With opioid addiction on the rise, there is a great need for effective nonopioid approaches to treat pain. Jensen et al. examined the function of substance P neurokinin 1 receptor, which plays a role in the transmission of pain signals in the central nervous system. The authors demonstrated that endocytosis of this receptor is required for the transmission of pain signals. Although systemic inhibition of endocytosis would not be feasible in a living organism, the authors discovered another way to take advantage of this information. They conjugated neurokinin 1 receptor antagonists to cholestanol, promoting their incorporation into endosomes, where they successfully inhibited their target to block pain transmission.

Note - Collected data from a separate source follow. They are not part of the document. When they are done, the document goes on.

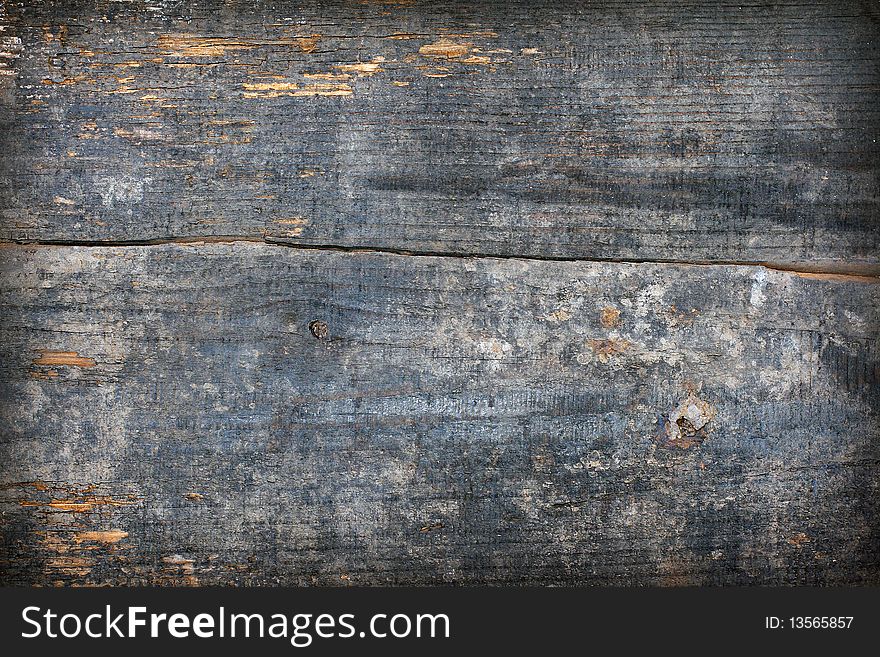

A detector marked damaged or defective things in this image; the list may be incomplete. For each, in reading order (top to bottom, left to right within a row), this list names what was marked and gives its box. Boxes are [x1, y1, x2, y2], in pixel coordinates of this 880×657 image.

rust stain [600, 306, 624, 328]
rust stain [33, 348, 96, 368]
rust stain [75, 528, 129, 544]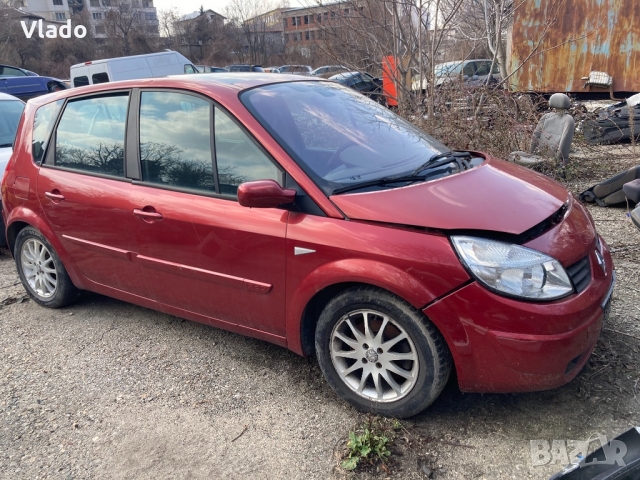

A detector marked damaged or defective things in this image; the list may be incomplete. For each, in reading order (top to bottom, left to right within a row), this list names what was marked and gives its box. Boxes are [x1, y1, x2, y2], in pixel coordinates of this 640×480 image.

rusty shipping container [510, 0, 640, 94]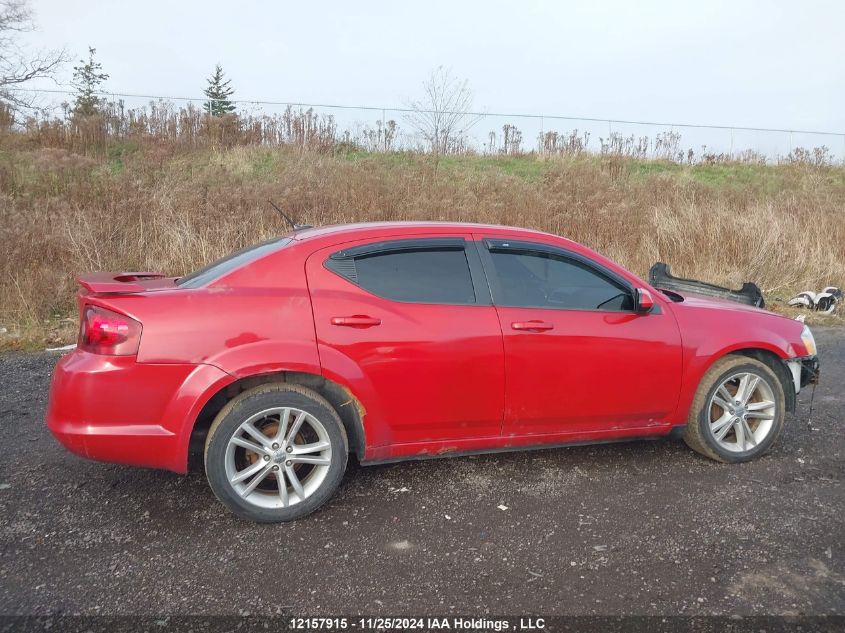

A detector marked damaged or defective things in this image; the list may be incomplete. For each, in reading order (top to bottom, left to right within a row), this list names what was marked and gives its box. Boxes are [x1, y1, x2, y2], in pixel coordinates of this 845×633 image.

damaged front end [648, 262, 764, 308]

Typically considered to be cell surface sensors of extracellular signals, heterotrimeric GTP-binding protein (G protein)–coupled receptors (GPCRs) control many pathophysiological processes and are the target of 30% of therapeutic drugs. Activated receptors redistribute to endosomes, but researchers have yet to explore whether endosomal receptors generate signals that control complex processes in vivo and are viable therapeutic targets. We report that the substance P (SP) neurokinin 1 receptor (NK1R) signals from endosomes to induce sustained excitation of spinal neurons and pain transmission and that specific antagonism of the NK1R in endosomes with membrane-anchored drug conjugates provides more effective and sustained pain relief than conventional plasma membrane–targeted antagonists. Pharmacological and genetic disruption of clathrin, dynamin, and β-arrestin blocked SP-induced NK1R endocytosis and prevented SP-stimulated activation of cytosolic protein kinase C and nuclear extracellular signal–regulated kinase, as well as transcription. Endocytosis inhibitors prevented sustained SP-induced excitation of neurons in spinal cord slices in vitro and attenuated nociception in vivo. When conjugated to cholestanol to promote endosomal targeting, NK1R antagonists selectively inhibited endosomal signaling and sustained neuronal excitation. Cholestanol conjugation amplified and prolonged the antinociceptive actions of NK1R antagonists. These results reveal a critical role for endosomal signaling of the NK1R in the complex pathophysiology of pain and demonstrate the use of endosomally targeted GPCR antagonists.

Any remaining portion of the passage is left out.